[[ TASK INPUTS open ]]
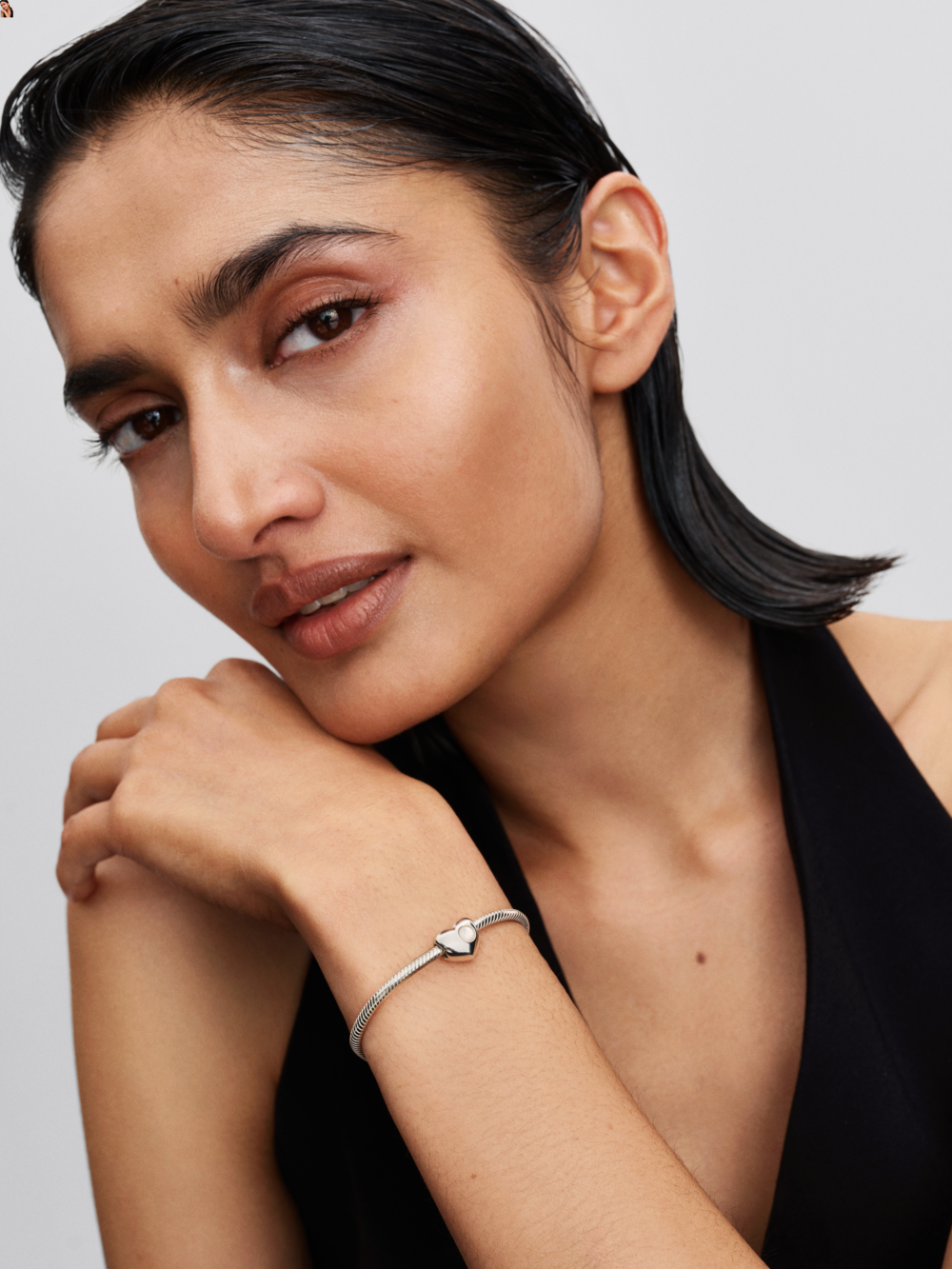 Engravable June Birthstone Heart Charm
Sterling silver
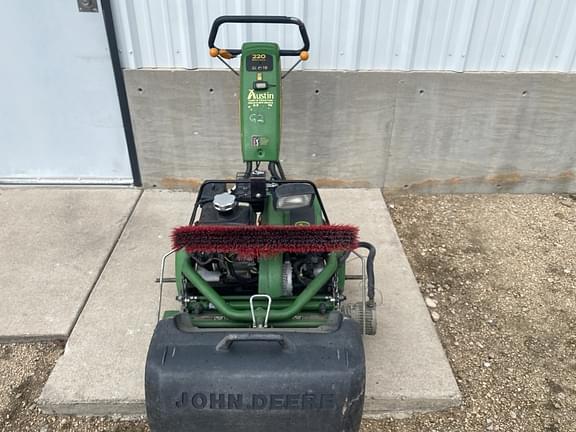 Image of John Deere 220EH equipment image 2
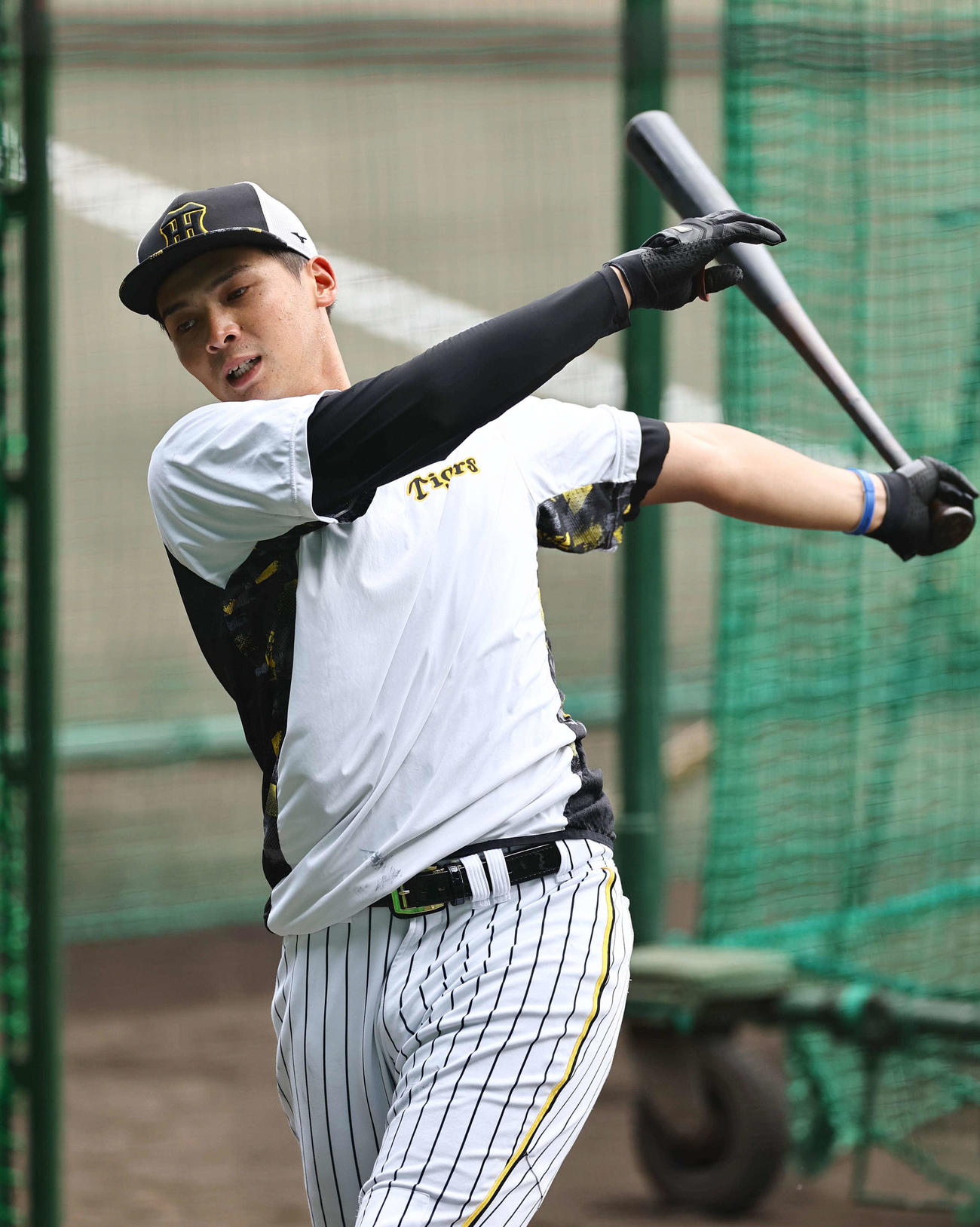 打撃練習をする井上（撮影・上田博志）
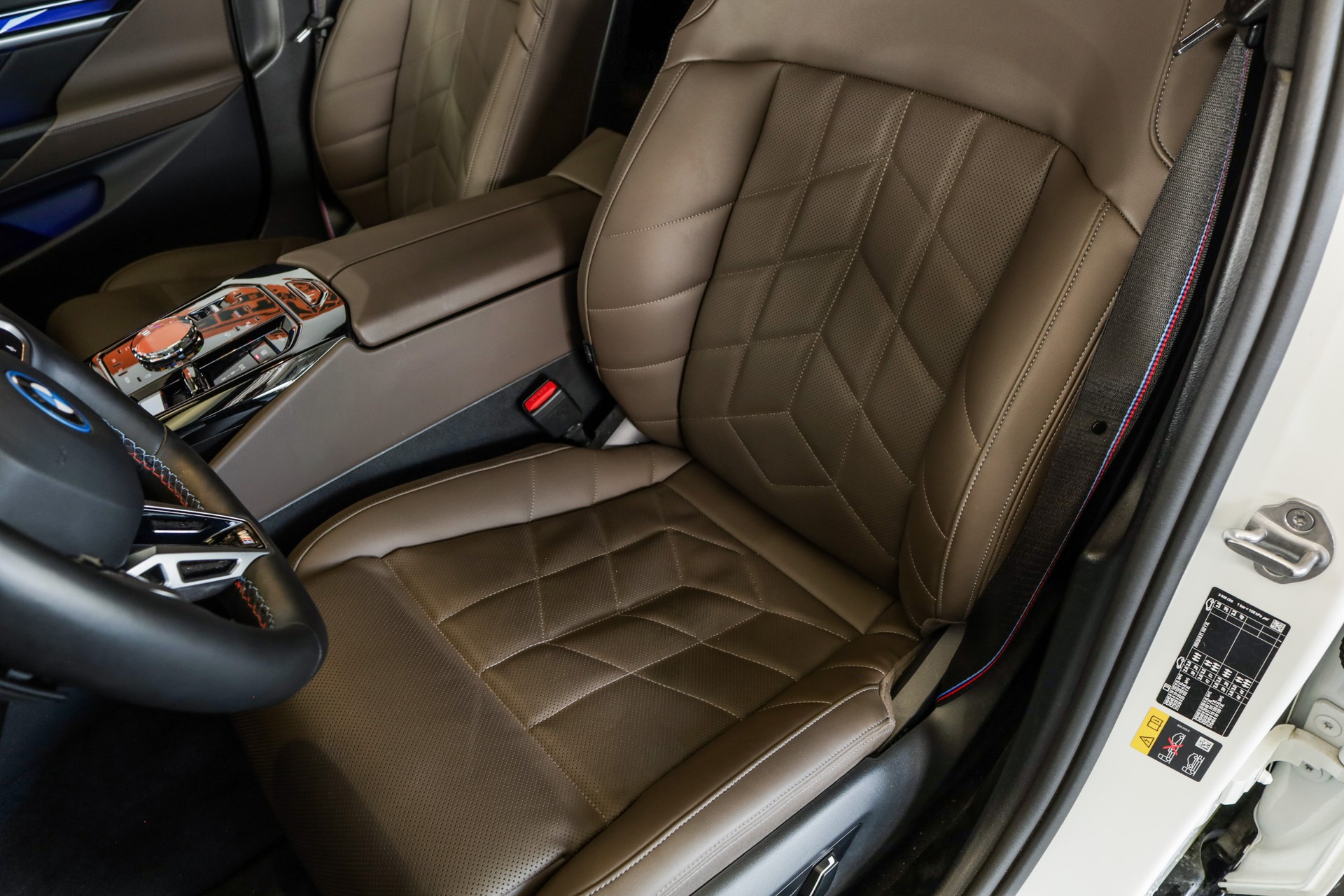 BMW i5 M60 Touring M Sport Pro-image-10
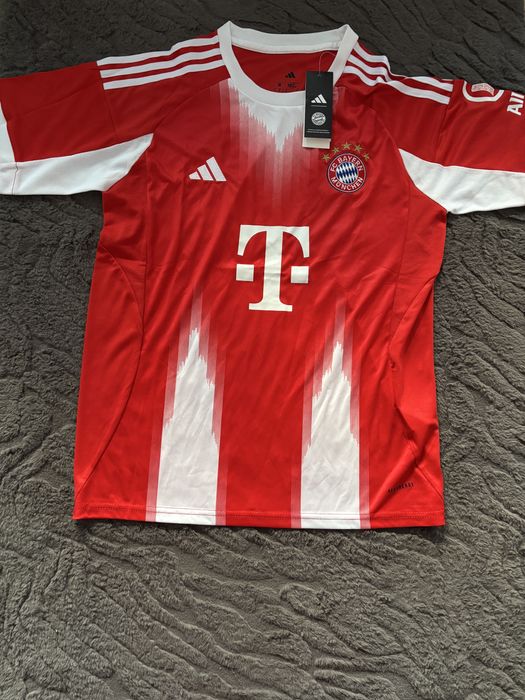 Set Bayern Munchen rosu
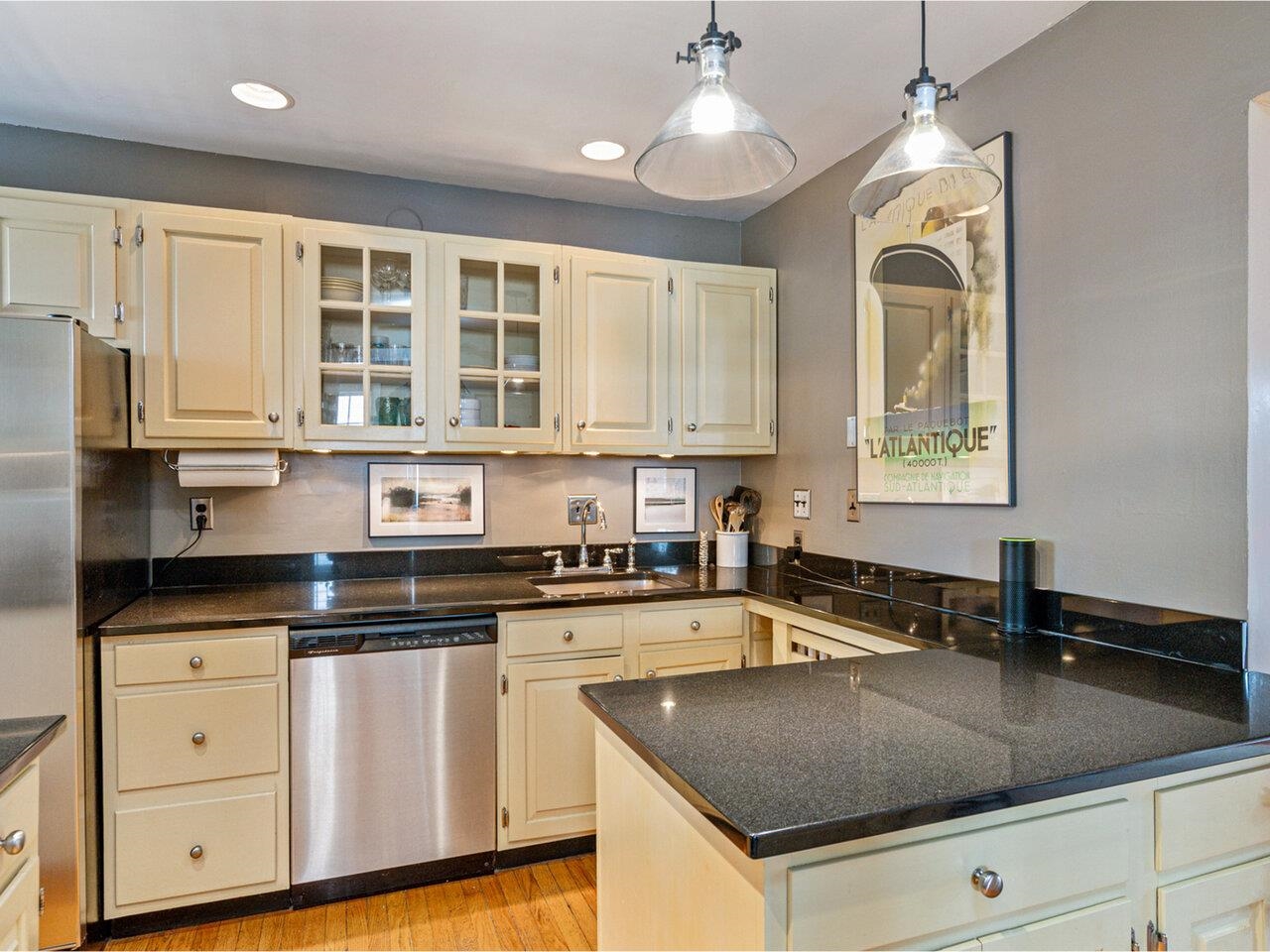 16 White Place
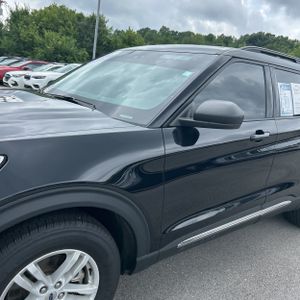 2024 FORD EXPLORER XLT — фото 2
[[ TASK INPUTS closed ]]
● **ACTIVITY**: Retype exactly the lines above, starting at the line containing "BMW i5 M60 Touring M Sport Pro-image-10" and ending with the last line, both included; leave out the pictures.

● **WRITTEN REPLY**:
 BMW i5 M60 Touring M Sport Pro-image-10
 Set Bayern Munchen rosu
 16 White Place
 2024 FORD EXPLORER XLT — фото 2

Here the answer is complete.